Re: [RFC PATCH v1 0/2] Avoid rcu_core() if CPU just left guest vcpu

Leonardo Bras <leobras@xxxxxxxxxx> · Wed, 8 May 2024 03:19:01 -0300

On Tue, May 07, 2024 at 08:22:42PM -0700, Paul E. McKenney wrote:
> On Tue, May 07, 2024 at 11:51:15PM -0300, Leonardo Bras wrote:
> > On Tue, May 07, 2024 at 05:08:54PM -0700, Sean Christopherson wrote:
> > > On Tue, May 07, 2024, Sean Christopherson wrote:
> > > > On Tue, May 07, 2024, Paul E. McKenney wrote:
> 
> [ . . . ]
> 
> > > > > But if we do need RCU to be more aggressive about treating guest execution as
> > > > > an RCU quiescent state within the host, that additional check would be an
> > > > > excellent way of making that happen.
> > > > 
> > > > It's not clear to me that being more agressive is warranted.  If my understanding
> > > > of the existing @user check is correct, we _could_ achieve similar functionality
> > > > for vCPU tasks by defining a rule that KVM must never enter an RCU critical section
> > > > with PF_VCPU set and IRQs enabled, and then rcu_pending() could check PF_VCPU.
> > > > On x86, this would be relatively straightforward (hack-a-patch below), but I've
> > > > no idea what it would look like on other architectures.
> > > > 
> > > > But the value added isn't entirely clear to me, probably because I'm still missing
> > > > something.  KVM will have *very* recently called __ct_user_exit(CONTEXT_GUEST) to
> > > > note the transition from guest to host kernel.  Why isn't that a sufficient hook
> > > > for RCU to infer grace period completion?
> > 
> > This is one of the solutions I tested when I was trying to solve the bug:
> > - Report quiescent state both in guest entry & guest exit.
> > 
> > It improves the bug, but has 2 issues compared to the timing alternative:
> > 1 - Saving jiffies to a per-cpu local variable is usually cheaper than 
> >     reporting a quiescent state
> > 2 - If we report it on guest_exit() and some other cpu requests a grace 
> >     period in the next few cpu cycles, there is chance a timer interrupt 
> >     can trigger rcu_core() before the next guest_entry, which would 
> >     introduce unnecessary latency, and cause be the issue we are trying to 
> >     fix.
> > 
> > I mean, it makes the bug reproduce less, but do not fix it.
> 
> OK, then it sounds like something might be needed, but again, I must
> defer to you guys on the need.
> 
> If there is a need, what are your thoughts on the approach that Sean
> suggested?

Something just hit me, and maybe I need to propose something more generic.

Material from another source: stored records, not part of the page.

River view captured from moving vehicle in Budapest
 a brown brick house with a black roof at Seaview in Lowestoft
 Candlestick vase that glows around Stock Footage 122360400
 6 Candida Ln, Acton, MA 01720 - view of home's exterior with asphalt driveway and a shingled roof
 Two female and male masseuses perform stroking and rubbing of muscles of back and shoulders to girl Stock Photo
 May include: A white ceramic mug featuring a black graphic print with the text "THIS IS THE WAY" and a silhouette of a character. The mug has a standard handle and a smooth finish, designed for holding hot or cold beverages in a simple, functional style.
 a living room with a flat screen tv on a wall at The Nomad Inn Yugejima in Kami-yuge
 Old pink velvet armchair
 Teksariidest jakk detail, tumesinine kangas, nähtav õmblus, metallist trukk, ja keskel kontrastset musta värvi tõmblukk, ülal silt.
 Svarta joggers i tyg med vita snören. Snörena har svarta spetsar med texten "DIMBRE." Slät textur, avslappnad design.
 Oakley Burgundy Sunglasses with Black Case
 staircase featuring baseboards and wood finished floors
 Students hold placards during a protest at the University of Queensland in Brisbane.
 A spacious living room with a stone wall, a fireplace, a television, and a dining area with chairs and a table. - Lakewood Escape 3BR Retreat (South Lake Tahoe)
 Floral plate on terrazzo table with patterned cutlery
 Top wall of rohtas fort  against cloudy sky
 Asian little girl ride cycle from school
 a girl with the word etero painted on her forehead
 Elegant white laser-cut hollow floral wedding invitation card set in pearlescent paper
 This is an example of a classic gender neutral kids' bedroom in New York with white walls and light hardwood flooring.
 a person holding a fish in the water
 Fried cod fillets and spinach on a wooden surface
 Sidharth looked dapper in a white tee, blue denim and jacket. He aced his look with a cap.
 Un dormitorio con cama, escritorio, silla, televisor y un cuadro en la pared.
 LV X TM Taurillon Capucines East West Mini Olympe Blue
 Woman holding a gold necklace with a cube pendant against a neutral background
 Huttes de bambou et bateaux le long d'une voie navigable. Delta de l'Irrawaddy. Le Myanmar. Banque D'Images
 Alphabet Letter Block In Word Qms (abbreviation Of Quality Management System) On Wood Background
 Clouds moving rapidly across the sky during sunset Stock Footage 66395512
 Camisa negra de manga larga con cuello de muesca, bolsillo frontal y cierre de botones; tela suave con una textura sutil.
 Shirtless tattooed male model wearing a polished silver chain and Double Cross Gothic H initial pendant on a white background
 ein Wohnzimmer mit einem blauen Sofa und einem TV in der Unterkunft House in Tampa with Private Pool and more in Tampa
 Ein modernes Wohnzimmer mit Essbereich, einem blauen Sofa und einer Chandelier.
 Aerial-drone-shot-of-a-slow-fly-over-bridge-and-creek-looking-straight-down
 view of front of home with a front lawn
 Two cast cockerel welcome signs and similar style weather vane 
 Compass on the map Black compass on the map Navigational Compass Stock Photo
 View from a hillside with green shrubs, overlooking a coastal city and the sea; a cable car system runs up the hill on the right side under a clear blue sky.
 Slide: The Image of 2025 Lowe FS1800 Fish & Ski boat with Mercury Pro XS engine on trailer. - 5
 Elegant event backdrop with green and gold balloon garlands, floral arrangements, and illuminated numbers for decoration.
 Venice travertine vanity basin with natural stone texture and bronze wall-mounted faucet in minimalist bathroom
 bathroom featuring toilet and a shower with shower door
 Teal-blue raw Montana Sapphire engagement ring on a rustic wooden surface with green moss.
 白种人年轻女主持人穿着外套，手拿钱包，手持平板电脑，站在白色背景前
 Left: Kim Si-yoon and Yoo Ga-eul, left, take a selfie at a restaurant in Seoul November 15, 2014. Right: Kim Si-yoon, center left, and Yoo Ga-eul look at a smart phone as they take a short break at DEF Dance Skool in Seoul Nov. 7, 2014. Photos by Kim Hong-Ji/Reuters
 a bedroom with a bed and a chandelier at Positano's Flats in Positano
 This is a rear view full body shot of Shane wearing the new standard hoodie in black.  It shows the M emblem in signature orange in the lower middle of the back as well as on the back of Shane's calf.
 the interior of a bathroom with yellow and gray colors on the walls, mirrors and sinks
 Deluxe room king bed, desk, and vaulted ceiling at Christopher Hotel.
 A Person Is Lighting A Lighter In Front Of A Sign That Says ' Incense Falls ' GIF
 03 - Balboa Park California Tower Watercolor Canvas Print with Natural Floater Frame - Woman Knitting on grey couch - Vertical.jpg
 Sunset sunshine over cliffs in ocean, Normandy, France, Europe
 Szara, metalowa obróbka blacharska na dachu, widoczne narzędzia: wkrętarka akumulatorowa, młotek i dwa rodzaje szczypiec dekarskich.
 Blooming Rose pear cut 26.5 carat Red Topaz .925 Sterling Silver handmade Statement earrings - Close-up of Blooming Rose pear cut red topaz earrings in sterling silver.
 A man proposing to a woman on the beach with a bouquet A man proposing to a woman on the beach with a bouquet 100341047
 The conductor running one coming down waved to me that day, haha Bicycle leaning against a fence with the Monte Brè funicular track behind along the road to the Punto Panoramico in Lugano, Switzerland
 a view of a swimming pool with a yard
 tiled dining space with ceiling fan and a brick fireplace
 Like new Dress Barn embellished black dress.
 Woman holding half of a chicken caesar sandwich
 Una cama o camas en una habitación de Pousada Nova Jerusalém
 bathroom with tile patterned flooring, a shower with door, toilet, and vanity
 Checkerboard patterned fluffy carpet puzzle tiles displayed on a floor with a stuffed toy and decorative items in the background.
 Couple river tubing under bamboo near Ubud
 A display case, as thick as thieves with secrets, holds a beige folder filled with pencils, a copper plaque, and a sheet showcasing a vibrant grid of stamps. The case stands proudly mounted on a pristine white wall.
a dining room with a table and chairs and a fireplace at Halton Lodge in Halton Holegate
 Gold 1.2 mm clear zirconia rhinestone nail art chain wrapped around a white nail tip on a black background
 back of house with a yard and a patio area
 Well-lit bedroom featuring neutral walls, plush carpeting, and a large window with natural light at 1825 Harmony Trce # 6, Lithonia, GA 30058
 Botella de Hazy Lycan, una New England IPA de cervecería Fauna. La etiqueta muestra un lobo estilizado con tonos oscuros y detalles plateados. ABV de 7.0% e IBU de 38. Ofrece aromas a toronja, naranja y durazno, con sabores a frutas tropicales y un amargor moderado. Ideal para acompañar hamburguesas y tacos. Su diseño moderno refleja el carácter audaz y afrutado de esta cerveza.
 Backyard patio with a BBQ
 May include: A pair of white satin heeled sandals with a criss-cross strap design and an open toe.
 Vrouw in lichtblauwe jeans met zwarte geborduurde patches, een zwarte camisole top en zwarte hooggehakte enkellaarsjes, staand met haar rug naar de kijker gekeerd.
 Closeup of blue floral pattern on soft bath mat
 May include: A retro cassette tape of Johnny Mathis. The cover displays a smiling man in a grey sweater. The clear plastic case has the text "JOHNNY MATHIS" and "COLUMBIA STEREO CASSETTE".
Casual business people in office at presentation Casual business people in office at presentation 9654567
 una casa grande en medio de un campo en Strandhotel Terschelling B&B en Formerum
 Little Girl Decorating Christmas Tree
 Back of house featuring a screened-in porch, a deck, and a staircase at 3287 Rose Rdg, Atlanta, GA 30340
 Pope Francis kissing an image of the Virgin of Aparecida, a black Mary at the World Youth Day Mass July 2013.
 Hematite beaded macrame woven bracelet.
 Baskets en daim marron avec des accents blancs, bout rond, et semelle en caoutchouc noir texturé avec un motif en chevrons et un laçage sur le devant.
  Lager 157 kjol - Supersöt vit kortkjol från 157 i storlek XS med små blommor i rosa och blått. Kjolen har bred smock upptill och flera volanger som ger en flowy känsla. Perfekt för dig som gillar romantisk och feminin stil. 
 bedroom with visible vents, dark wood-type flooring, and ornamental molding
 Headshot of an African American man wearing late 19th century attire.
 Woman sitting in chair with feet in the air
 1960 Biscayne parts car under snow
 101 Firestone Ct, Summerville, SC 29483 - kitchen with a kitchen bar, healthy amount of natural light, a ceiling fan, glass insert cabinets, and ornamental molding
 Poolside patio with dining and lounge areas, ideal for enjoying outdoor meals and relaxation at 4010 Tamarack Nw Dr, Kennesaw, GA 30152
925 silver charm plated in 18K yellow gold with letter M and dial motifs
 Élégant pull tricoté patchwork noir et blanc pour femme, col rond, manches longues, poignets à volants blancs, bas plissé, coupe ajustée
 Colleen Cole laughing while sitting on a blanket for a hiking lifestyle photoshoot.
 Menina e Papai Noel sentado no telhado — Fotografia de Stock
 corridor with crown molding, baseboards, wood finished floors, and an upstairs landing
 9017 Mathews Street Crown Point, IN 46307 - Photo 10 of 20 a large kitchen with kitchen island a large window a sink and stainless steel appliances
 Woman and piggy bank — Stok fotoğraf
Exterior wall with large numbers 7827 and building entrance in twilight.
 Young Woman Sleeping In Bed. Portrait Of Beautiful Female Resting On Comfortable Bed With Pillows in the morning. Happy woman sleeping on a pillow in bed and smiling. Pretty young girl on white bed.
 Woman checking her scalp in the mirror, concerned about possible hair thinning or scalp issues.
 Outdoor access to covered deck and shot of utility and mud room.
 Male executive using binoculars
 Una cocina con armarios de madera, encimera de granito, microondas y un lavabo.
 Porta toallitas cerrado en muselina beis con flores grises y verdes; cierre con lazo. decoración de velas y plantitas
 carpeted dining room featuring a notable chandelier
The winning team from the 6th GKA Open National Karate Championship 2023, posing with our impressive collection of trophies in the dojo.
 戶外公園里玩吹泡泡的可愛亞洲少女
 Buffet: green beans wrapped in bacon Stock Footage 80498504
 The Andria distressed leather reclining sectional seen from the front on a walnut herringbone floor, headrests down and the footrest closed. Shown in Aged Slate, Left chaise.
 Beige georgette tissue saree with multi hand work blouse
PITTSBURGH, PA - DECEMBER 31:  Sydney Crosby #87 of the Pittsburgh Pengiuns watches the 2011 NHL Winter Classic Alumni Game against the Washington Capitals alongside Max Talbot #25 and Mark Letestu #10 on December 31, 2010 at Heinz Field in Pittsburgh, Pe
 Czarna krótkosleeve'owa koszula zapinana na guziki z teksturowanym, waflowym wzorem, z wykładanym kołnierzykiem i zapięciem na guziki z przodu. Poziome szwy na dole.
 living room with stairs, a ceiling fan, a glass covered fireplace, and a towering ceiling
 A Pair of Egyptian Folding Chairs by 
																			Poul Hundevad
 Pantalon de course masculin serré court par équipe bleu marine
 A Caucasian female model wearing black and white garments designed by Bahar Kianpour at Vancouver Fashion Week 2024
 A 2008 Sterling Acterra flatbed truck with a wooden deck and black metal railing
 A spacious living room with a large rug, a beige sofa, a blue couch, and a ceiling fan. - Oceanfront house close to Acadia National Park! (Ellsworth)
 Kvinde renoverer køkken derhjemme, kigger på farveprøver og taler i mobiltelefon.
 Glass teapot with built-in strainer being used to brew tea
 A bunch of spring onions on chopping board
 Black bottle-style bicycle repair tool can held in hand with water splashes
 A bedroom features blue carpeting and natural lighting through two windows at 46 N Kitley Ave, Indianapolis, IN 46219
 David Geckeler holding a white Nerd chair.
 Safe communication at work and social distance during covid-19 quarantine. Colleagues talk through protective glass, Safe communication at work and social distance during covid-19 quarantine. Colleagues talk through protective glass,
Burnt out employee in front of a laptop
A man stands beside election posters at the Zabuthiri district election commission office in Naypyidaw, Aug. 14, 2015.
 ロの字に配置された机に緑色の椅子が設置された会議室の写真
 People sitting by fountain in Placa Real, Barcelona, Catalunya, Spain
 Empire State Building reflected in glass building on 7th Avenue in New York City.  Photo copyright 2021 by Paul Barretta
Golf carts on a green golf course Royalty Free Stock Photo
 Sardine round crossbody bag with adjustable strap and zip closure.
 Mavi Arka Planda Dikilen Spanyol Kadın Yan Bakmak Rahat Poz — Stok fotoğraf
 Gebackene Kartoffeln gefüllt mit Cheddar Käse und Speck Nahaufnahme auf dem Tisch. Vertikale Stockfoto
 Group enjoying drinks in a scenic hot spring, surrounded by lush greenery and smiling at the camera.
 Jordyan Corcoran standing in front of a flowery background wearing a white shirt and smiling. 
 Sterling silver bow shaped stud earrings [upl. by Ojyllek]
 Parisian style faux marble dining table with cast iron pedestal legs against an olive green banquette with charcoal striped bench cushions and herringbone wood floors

But I need some help with a question first:
- Let's forget about kvm for a few seconds, and focus in host userspace:
  If we have a high priority (user) task running on nohz_full cpu, and it 
  gets interrupted (IRQ, let's say). Is it possible that the interrupting task 
  gets interrupted by the timer interrupt which will check for 
  rcu_pending(), and return true ? (1)
  (or is there any protection for that kind of scenario?) (2)

1)
If there is any possibility of this happening, maybe we could consider 
fixing it by adding some kind of generic timeout in RCU code, to be used 
in nohz_full, so that it keeps track of the last time an quiescent state 
ran in this_cpu, and returns false on rcu_pending() if one happened in the 
last N jiffies.

In this case, we could also report a quiescent state in guest_exit, and 
make use of above generic RCU timeout to avoid having any rcu_core() 
running in those switching moments.

2)
On the other hand, if there are mechanisms in place for avoiding such 
scenario, it could justify adding some similar mechanism to KVM guest_exit 
/ guest_entry. In case adding such mechanism is hard, or expensive, we 
could use the KVM-only timeout previously suggested to avoid what we are 
currently hitting.

Could we use both a timeout & context tracking in this scenario? yes
But why do that, if the timeout would work just as well?

If I missed something, please let me know. :)

Thanks!
Leo